28 Eylül 2009 Pazartesi

"Sen Tuğba ol o cennette"

Bu bana yazıldı. Bir ağustos akşamında...

"aşık ol......
kanatların olsun senin de rüzgardan hafif,
sakar düşüncelerin olsun yaban gülü gibi karmakarışık,
hayallerin olsun
ömründe ilk kez iki kişilik,
zaman dursun senin için her günün o gün olsun,
bırak adın toz pembe olsun toz toprak; ama pespembe,
kalbin yangın yeri olsun erisin sen ben bir yerde,
cennet yeryüzü olsun, sen tuğba ol o cennette,
aşık ol.....

sadece aşık olma delice,
taçlandır sevgini,
krallığın olsun, kendi kralın olsun senin de...."

M.Öztoprak

4 Eylül 2009 Cuma

Bu gidiş, gidiş değil!!!

Gittin

gittin, dağ gibi büyüdü yalnızlık
ıssızlığın iki ucunda şimdi sen varsın
tam ortasında: yokluğun yokluğun yokluğun…
o konuşsa konuşur, sussa susarsın

gittin, taş atarak denizlerime
halka halka büyüyen anıların kaldı
girdin çıkmamak üzere dehlizlerime
birden yaşamın hızı azaldı

gittin, boşandı içimde sevincin yayı
kim öğretecek bana âh sensiz yaşamayı??

Sedat Umran

3 Eylül 2009 Perşembe

Hani > Ha + in

Olmasan olurdu aslında!

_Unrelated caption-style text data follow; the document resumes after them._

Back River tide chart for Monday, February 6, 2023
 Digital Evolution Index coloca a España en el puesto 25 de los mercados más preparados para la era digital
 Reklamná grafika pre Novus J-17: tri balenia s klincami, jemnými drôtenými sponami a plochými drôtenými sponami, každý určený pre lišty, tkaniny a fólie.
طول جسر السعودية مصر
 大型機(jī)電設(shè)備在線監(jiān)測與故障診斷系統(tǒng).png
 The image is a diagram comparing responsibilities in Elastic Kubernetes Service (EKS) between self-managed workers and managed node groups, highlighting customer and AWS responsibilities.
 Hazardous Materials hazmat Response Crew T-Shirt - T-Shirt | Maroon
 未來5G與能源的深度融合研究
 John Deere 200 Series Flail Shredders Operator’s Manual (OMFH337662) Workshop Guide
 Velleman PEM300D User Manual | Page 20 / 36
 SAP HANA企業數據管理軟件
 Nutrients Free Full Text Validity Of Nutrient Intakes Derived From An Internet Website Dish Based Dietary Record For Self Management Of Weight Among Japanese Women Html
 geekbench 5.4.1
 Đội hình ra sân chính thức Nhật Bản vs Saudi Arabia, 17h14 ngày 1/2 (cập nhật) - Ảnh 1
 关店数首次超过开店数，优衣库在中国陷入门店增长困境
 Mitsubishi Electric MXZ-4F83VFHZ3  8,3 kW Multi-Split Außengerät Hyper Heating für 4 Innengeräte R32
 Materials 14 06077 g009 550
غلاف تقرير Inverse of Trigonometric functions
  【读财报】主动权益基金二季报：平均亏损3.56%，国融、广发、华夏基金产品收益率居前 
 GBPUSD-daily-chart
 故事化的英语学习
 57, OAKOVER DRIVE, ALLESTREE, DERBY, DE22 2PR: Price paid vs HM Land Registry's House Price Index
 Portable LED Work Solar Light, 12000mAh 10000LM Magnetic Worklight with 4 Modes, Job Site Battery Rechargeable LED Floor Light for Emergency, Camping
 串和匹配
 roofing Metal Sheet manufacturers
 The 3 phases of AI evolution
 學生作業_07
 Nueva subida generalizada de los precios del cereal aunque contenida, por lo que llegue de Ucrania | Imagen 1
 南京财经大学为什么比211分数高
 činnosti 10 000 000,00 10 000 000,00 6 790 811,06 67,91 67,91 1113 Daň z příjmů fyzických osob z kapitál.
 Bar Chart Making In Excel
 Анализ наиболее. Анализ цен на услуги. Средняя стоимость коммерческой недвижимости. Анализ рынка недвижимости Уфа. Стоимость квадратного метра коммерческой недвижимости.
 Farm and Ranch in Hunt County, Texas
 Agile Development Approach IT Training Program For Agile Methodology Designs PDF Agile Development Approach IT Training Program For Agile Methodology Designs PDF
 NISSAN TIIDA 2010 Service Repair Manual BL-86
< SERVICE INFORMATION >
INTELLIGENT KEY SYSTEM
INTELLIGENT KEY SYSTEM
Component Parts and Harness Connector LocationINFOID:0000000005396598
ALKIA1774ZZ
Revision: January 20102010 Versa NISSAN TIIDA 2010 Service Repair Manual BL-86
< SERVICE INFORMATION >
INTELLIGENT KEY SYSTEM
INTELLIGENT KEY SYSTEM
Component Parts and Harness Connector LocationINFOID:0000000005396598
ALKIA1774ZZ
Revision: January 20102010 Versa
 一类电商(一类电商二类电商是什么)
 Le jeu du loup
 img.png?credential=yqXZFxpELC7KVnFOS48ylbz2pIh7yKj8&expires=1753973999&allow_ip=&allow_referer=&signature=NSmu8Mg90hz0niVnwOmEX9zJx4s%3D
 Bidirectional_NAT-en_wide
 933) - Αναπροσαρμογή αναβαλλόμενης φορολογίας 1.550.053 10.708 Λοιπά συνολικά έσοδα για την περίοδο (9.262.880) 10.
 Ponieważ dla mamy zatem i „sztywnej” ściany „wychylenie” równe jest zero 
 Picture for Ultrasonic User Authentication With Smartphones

Yaşanmışlığı tecrübe hanesine yazıp kabullenemiyorum.
Hiç olmasaydın eğer ya da sadece hiç olsaydın, her şey daha kolay olurdu.
Daha huzurlu...

"hani derdin ya bazen bana
hani yalan bile olsa sevginden bahsederdin ya
bilseydim dinler miydim seni
geçmişimden koparıp beni alıp gitmene izin verir miydim

görseydim eğer sonunu görseydim
başlamadan daha orda dur derdim
bilseydim eğer sonunu bilseydim
sevme bırak derdim

sensiz günüm zordu zaten
bir de sen geldin üstüne
yokluklarım yetmezmiş gibi
sen de eklendin üstüne

görseydim eğer sonunu görseydim
başlamadan daha orda dur derdim
bilseydim eğer sonunu bilseydim
sevme bırak derdim sevme uzak dur

ben zaten bunları sen olmadan da yaşardım
ne gerek vardı sana, sensiz de yalnız kalırdım
ben zaten sen olmadan da korkardım korkularımdan
ne gerek vardı sana, ne gerek vardı yokluğuna

ben zaten bunları sen olmadan da yaşardım
ne gerek vardı sana, sensiz de yalnız kalırdım
ben zaten sen olmadan da ağlardım isteseydim eğer
ne gerek vardı sana, ne gerek vardı yokluğuna"

Grup Tetris / Ben Zaten
Söz: Zeynep Talu

29 Ağustos 2009 Cumartesi

"çünkü sen bi' tanesin"

Yıllar yıllar önceydi bu şarkıyı sevişim... Daha Oya - Bora bile değillerdi. Grup Denk idi adları...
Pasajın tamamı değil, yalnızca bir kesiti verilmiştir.